Four senior officials for rights group Adhoc and a top election official, who have been imprisoned for six months over bribery charges, face an additional six months in provisional detention after court officials decided on Thursday to take additional time to investigate the case.
Critics say the Phnom Penh Municipal Court has had plenty of time to vet the case, however, and is compromising the officials’ rights to a fair and quick trial by intentionally lengthening the investigation period.
Adhoc’s head of monitoring Ny Sokha, his deputies Nay Vanda and Yi Soksan, and senior investigator Lim Mony were charged in May for allegedly bribing the mistress of CNRP Vice President Kem Sokha to deny the affair. Ny Chakrya, deputy secretary-general of the National Election Committee, was at the same time charged as an accomplice to bribery.
Investigating Judge Theam Chan Piseth “decided to extend” the investigation on Thursday, deputy prosecutor Kuchll Kimlong said, adding that he did not know the reasoning. Court spokesman Ly Sophana declined to comment.
According to Sam Sokong, the lawyer representing Mr. Chakrya, the judge provided two reasons.
“First, some witnesses have not come for questioning yet and were delayed,” he said. “Second, some witnesses already gave their testimonies, and they were not clear.”
But, Mr. Sokong said, the extension was unnecessary.
“During the six months of pretrial detention, the investigating judge did not try, and the court did not investigate according to the set time,” he said. “Six months of detention should be enough.”
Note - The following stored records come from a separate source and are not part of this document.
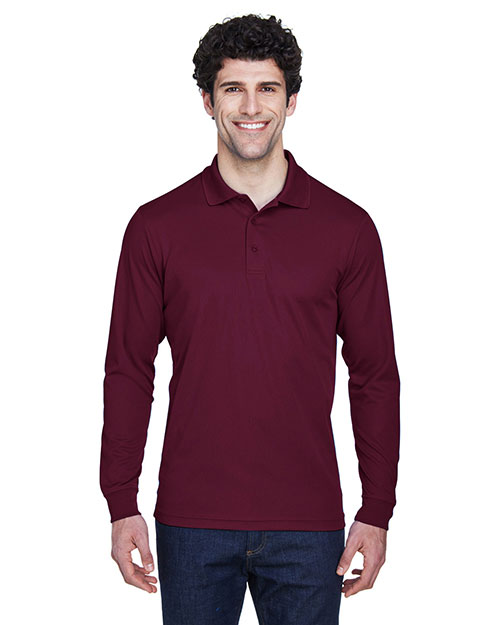 Ash City - Core 365 88192  Men Pinnacle Performance Long-Sleeve Pique Polo BURGUNDY 060 at bigntallapparel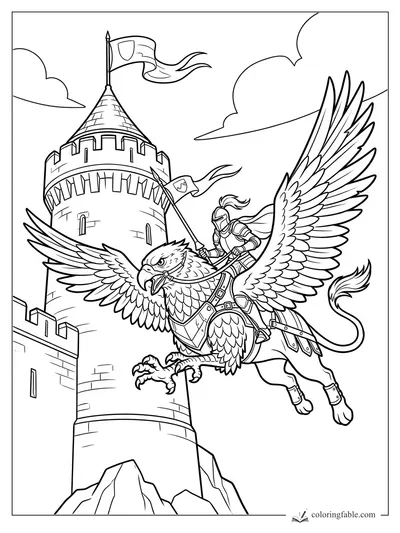 Armored knight riding a griffin past a tall castle tower with waving flags and clouds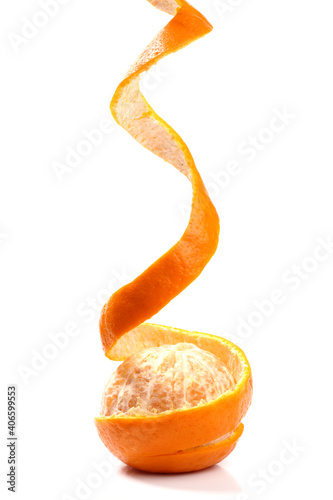 orange peel isolated on white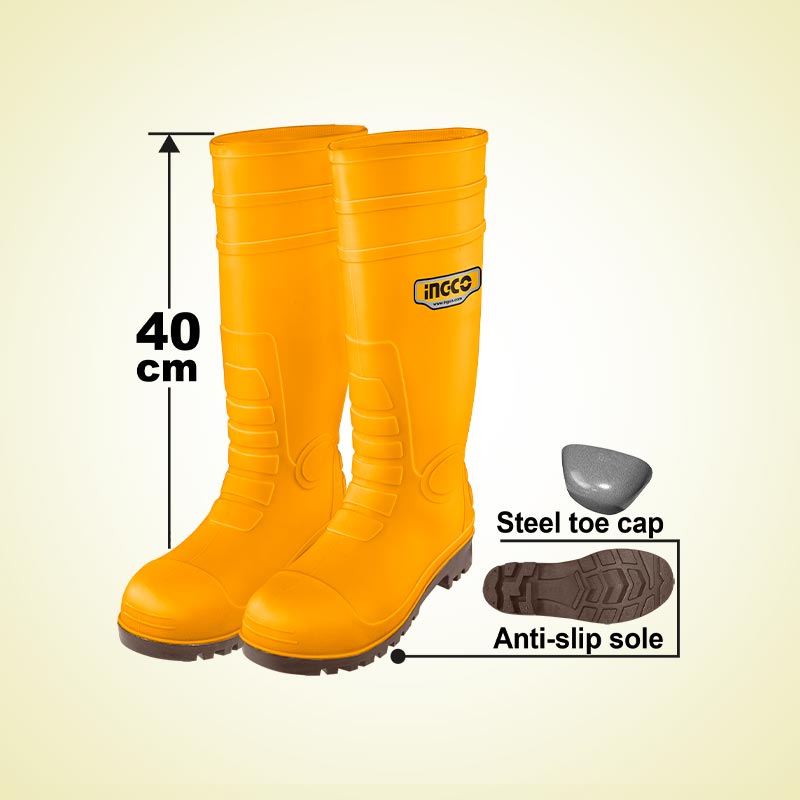 INGCO 100% New PVC, Anti-Slip Sole, Steel Toe Cap, 40CM Safety Boots - SSH092SB.42, 43, 44 & 45
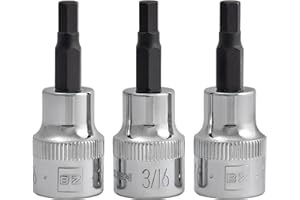 BRAZEN 3/16" Hex Bit Socket/Allen Driver Three Pack (3/8" Drive, Short)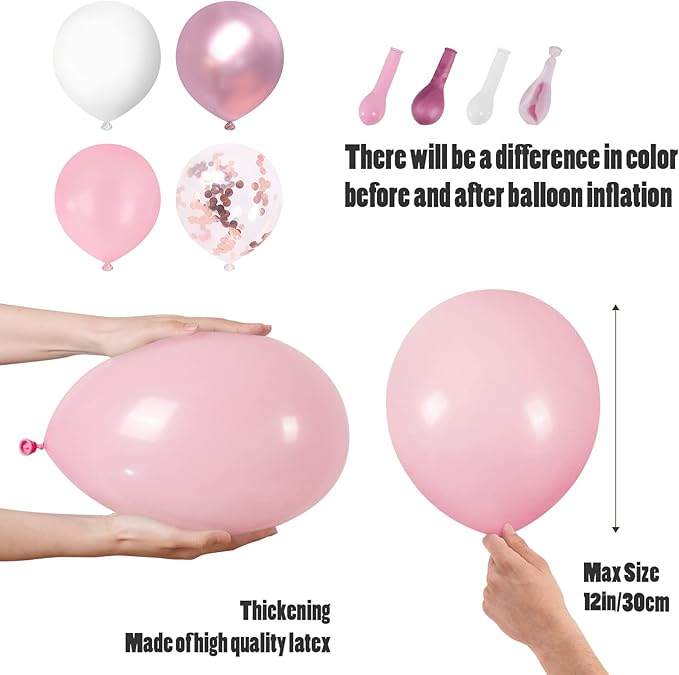 Pink White Balloons Garland Arch Kit 104 PCS Metallic Pink Gold Confetti Latex Balloons for Baby Girl Shower Birthday Wedding Anniversary Bachelorette Party Decorations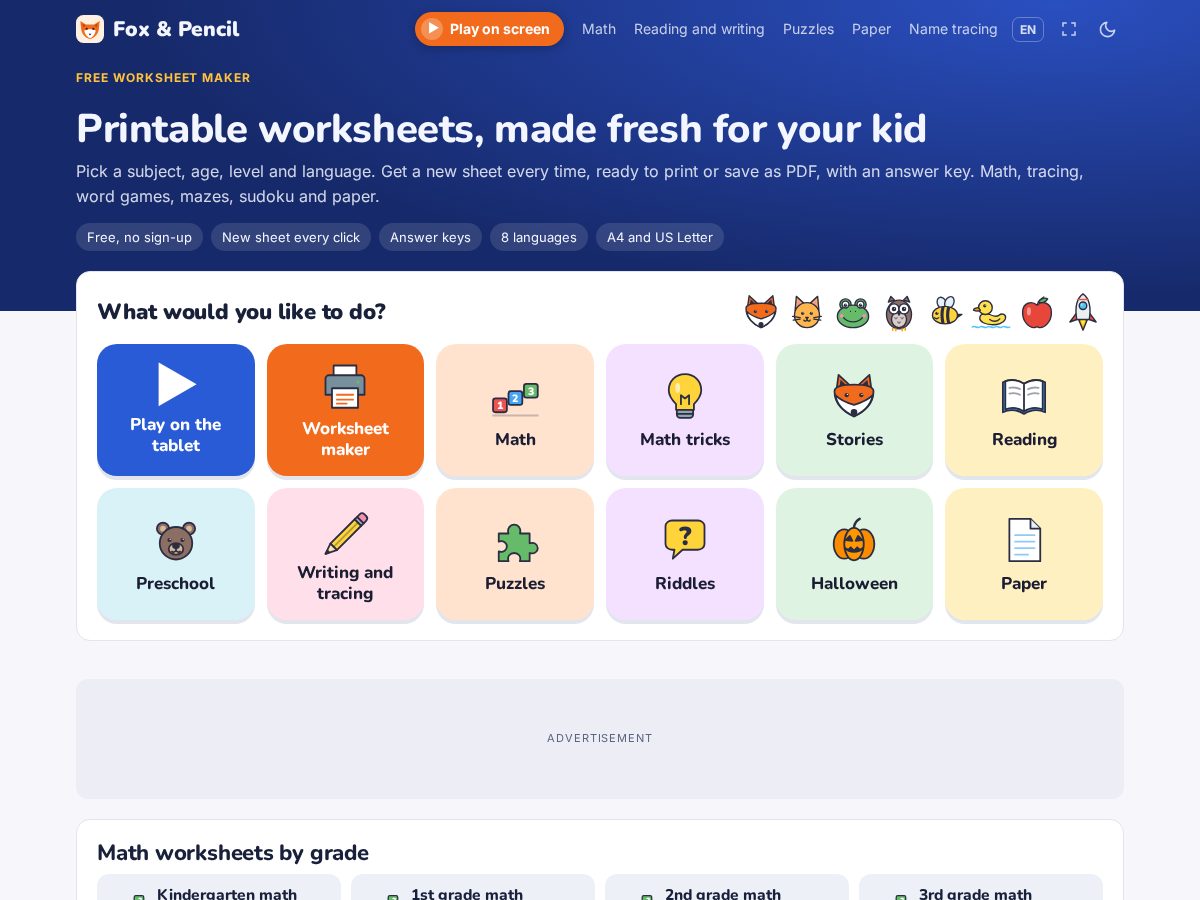 Landing-page snapshot of foxandpencil.com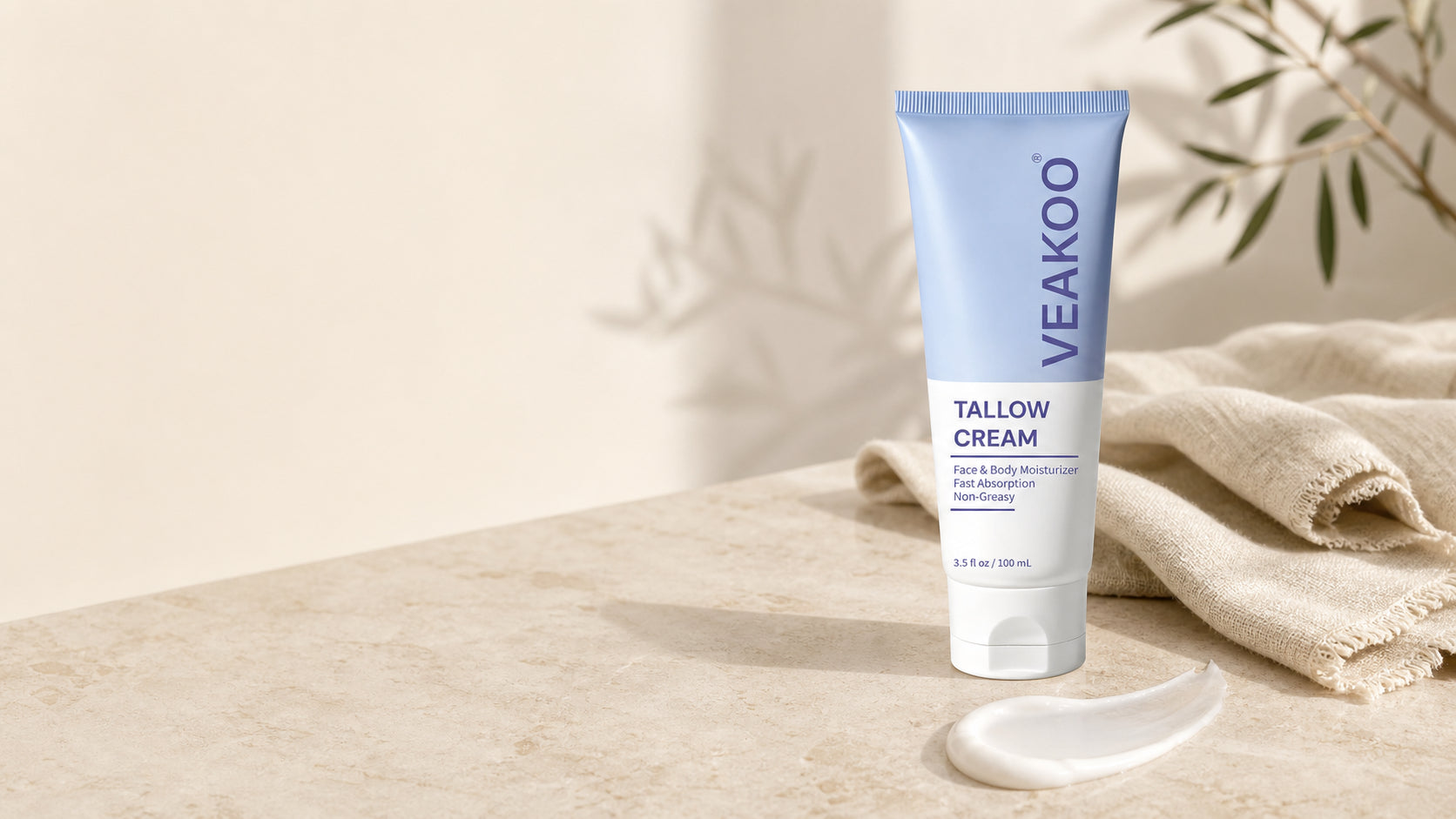 VEAKOO tallow cream in a simple care setting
Mr. Sokong said the legal rights of the five were being abused.
“If the investigating judge cannot find the evidence to inculpate them, the investigating judge has to use his discretion to drop the charges or acquit them of the charges,” he said.
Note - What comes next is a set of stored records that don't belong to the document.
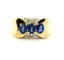 Bague 60 Bague chevalière en or 18 carats, saphirs et diamants 58 Facettes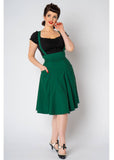 Collectif Alexa-Lee 50's Swing Skirt Green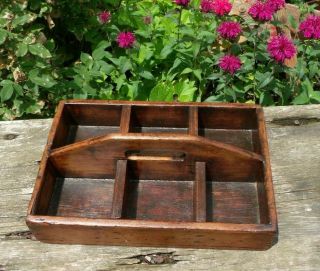 VINTAGE HAND CRAFTED WOODEN CARRIER WOOD TOTE 6 DIVIDERS CUBBY STORAGE BOX 6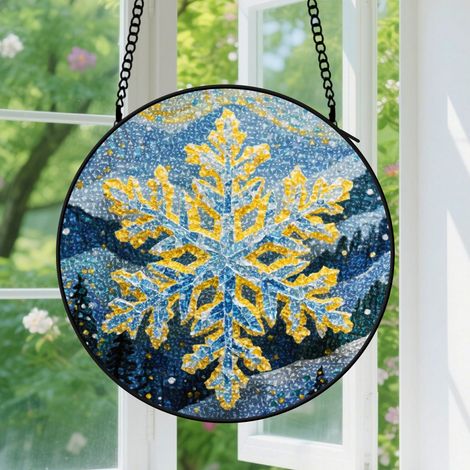 Suspension en vitrail - Attrape-soleil coloré unique pour porte, décoration intérieure élégante, cadeau Anniversaire, Noël pour couple, amoureux 9cm (1/5)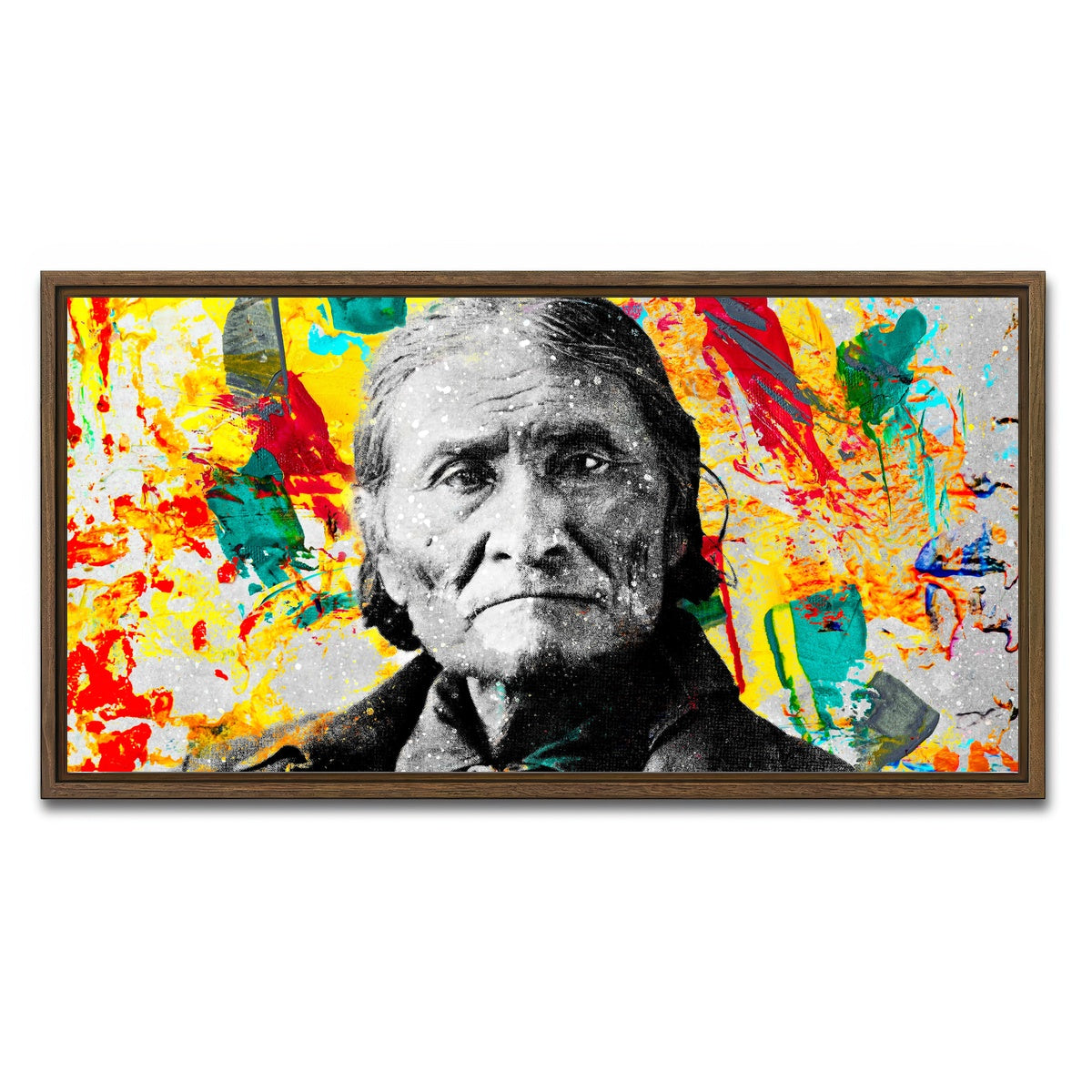 AUTO-MOCKUP WHITE | Geronimo | 1 Piece | Walnut Framed Canvas | group=2x1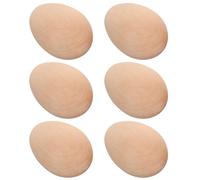 EXCEART Lot de 6 Faux Œufs en Bois Robustes Couleur Kaki Surface Vierge pour Décoration de Nid et Activités de Peinture Lors de Fêtes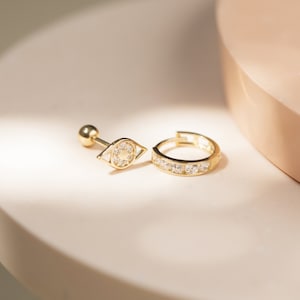Genuine 9CT Yellow Gold Earrings - Evil Eye Cartilage CZ Cartilage Hoop EARRINGS 375 Hallmarked - Gift Boxed Earrings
Mr. Sokong conceded that the judge legally had 18 months to investigate the felony charges, but said this timeframe was unnecessary as “this case is not complicated.”
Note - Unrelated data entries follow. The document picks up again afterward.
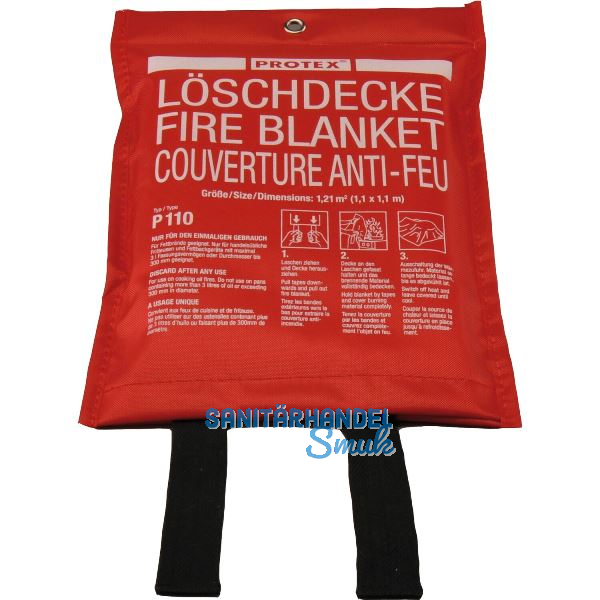 GLORIA Feuerl�schdecke aus Glasfasergewebe 1100 x 1100 mm DIN EN 1869:2001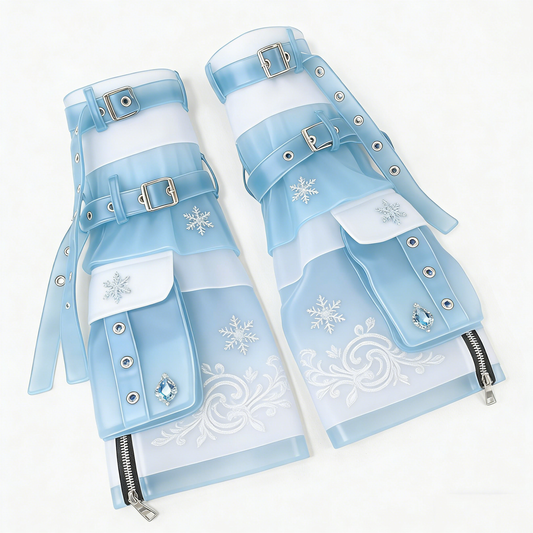 Transparent Blue Snowflake Punk Leg Warmers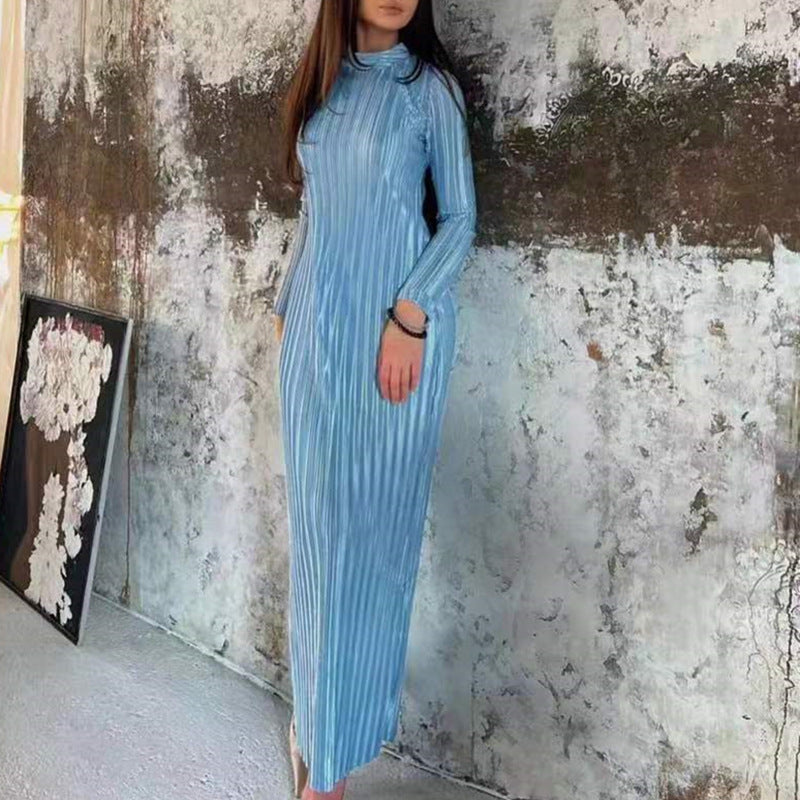 MS406#Vestido de otoño ajustado, de cuello semialto, ajustado, cruzado en la cadera, plisado, de manga larga, con cordones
The lawyers for all five defendants plan to appeal the decision, he added.
The charges are believed to stem from $204 given to Khem Chandaraty, the alleged mistress of Mr. Sokha, while Adhoc was representing her during questioning over the case. Ms. Chandaraty, who worked at a barber shop frequented by Mr. Sokha, eventually admitted to the affair.
Human rights groups and activists launched a “Black Monday” campaign after the Adhoc officials and Mr. Chakrya were arrested, calling on supporters to wear all black and take to the streets in protest of their imprisonment. However, the government said the campaign amounted to an urban rebellion, and regularly arrested those taking part.
Though a small group of anti-eviction activists have continued to hold demonstrations on some Mondays, the groups who helped launch the campaign have retreated to online activism, launching a social media campaign around the hashtag #Freethe5KH.
Eang Vuthy, executive director of the NGO Equitable Cambodia, called on the courts to hold a trial or, at the very least, give a clear explanation of what was taking so long.
“The court has to justify that—why they have detained them for another six months—and provide a clear justification to the public,” he said. “Otherwise, people’s rights might be violated—the right to a fair trial; the right to be considered innocent until the judge rules in the case.”
As he was escorted from the courtroom, however, Mr. Vanda of Adhoc said the court’s decisions were inconsequential.
“Being released or not released is not too important,” he said. “The most important thing is going together to register to vote.”
“We would like to appeal to all Cambodian people both in the country and outside the country to get registered to vote and try their best to make positive change.”